Escribí este texto hace 6 años, para una revista con la que colaboré como firma invitada. Lo comparto
en El Fogonero para celebrar el 40
aniversario de Brugal Extra Viejo, el ron con el que todas las tardes del mundo
brindo con los míos.
Mi padre tenía un peligroso arte para abrir las
botellas de ron. Hablo de la época en que aún se les ponía corcho y de una Cuba
que ya se me está borrando para convertirse, cada vez más, en
imprecisa nostalgia. Cuando caía la tarde, él iba a la bodega y regresaba con
una “piquilarga” dentro de un cartucho, debajo del brazo.
Con la mano izquierda, agarraba la botella por el cuello
y la levantaba bien alto. Luego, con la derecha, le daba un puñetazo por el
fondo que hacía saltar al corcho. Era un golpe tan seco, que el cristal sonaba
a madera. ¡Trac!. Acto seguido, rociaba el suelo con el primer trago.
No era un hombre religioso ni tenía supersticiones,
pero también era incapaz de beberse una botella de ron sin antes cederle el
primer trago a los seres invisibles que le rodeaban. Esa vieja tradición cubana
proviene de ancestrales ritos africanos.
Cuando a los esclavos se les daba ron en los
barracones, para que tuvieran más ánimo en los cortes de caña, ellos también
dejaban caer al suelo el primer sorbo.

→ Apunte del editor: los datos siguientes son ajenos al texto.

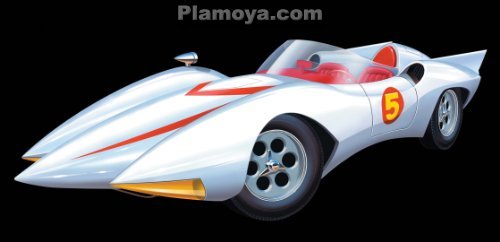 Mach Gou Gou Gou - Mach 5 - 1/24 (Aoshima) photo 2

En ese instante, me imagino, solo
pensaban en sus dioses, en sus antepasados y en su madre tierra, que había
quedado del otro lado de un océano que nunca vieron en el barco negrero.
Poco a poco el rito de conceder el primer trago de
ron contagió también a los amos y se arraigó tanto en la sociedad que aún
permanece vivo. Por más escaso que sea, por poco que haya, lo primero que sale
de la botella es una ofrenda innegociable.
Unos la dedican a sus santos, otros a sus
familiares muertos y no faltan los que piden que se haga realidad el más
inalcanzable de sus sueños. Yo, por ejemplo, se lo dedico siempre a tres de mis
muertos más queridos: mi abuelo Aurelio Yero, mi padre Serafín Venegas y mi tío
Aldo Yero.
Si por algún accidente, se derrama un vaso lleno de
ron o la botella cae al suelo y se rompe, nadie puede lamentarlo. “Ellos tenían
sed”, advierte alguien. Esa obligada frase se convierte a su vez en un consuelo
unánime, que cada quien por separado le dedica a los suyos.
El ron no es solo uno de los placeres más rotundos
que los caribeños le regalaron al mundo, es también el epicentro de expresiones
culturales muy diversas que alrededor de él se manifiestan y consagran. En
1999, fui invitado a participar en el Festival Cálido Invierno de Puerto Plata.
Era mi segundo viaje a República Dominicana y,
aunque ya me había enamorado de este país (gracias a Mirtha Olivares y Freddy
Ginebra, que en mi viaje anterior me lo habían descubierto), ni sospechaba que
acabaría viviendo en él. Hice el vuelo acompañado por el escritor cubano Arturo
Arango.
Freddy nos esperó en el aeropuerto y, después de
una escala obligada en su restaurante preferido de la ciudad, nos llevó a la
estación de Metro para que tomáramos el autobús hacia la Novia del Atlántico.
Cuando ya nos despedíamos, fue hasta el baúl de su vehículo y sacó dos bolsas.
—Como no estoy seguro de cuál es el ron de la casa
en el resort donde se hospedarán, aquí tienen dos botellas de Brugal Extra
Viejo para cada uno —nos dijo.
Arturo tomó las suyas y se subió al autobús.
Mientras yo me despedía con los abrazos de rigor, el fondo de mi bolsa cedió y
las dos botellas de Brugal cayeron al suelo, haciéndose añicos. Recuerdo que
Freddy hizo un largo silencio. Luego, levantó la cabeza y, con una rara mueca
de satisfacción, abrió sus ojos azules un poco más de lo habitual.
—Muchacho —me dijo con una sonrisa cómplice—, creo que tú no te vas a poder ir de
aquí.
Tenía razón, todavía estoy aquí. Siempre que
destapo un Extra Viejo, le brindo en silencio a Aurelio, Serafín y Aldo; luego
le doy las gracias a Brugal por haberme regalado su país.